*Try it*: Starting at the first line of the listing below, repeat each line exactly until the line containing "连云港海事局迅速响应强风预警 多措并举筑牢海上安全防线", which you include. Leave out pictures.

*Material provided*:

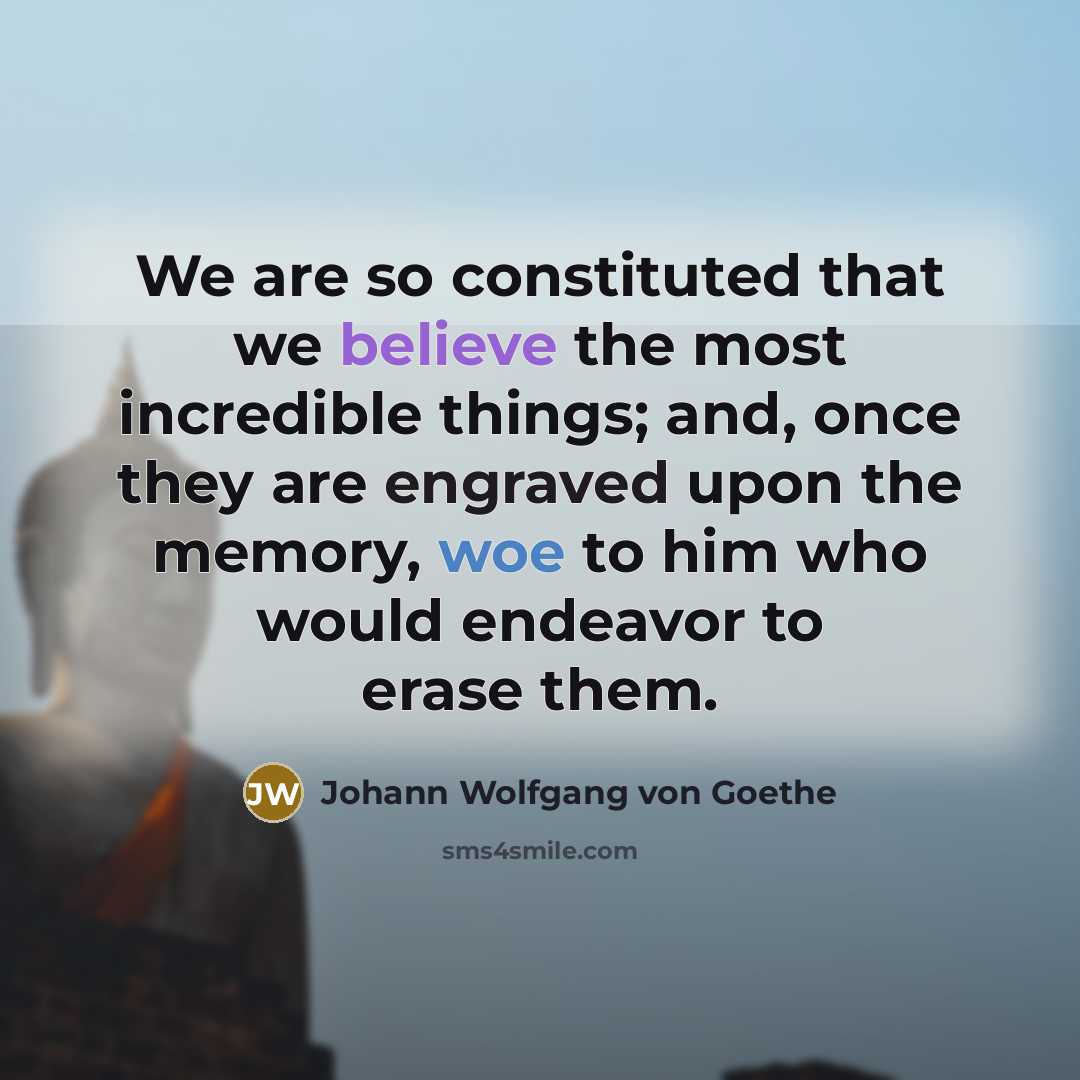 “We are so constituted that we believe the most incredible things; and, once they are engraved upon the memory, woe to him who would endeavor to erase them.” quote by Johann Wolfgang von Goethe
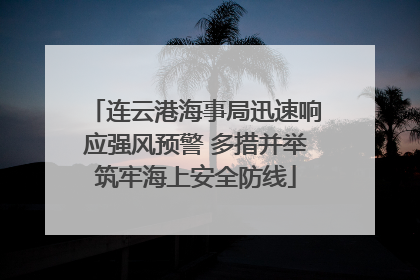 连云港海事局迅速响应强风预警 多措并举筑牢海上安全防线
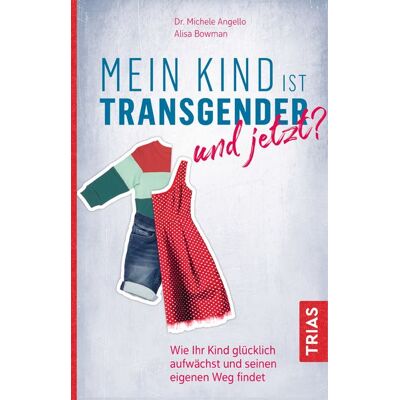 TRIAS Mein Kind ist transgender - und jetzt? TRIAS Mein Kind ist transgender - und jetzt?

*Answer to this task*:
 “We are so constituted that we believe the most incredible things; and, once they are engraved upon the memory, woe to him who would endeavor to erase them.” quote by Johann Wolfgang von Goethe
 连云港海事局迅速响应强风预警 多措并举筑牢海上安全防线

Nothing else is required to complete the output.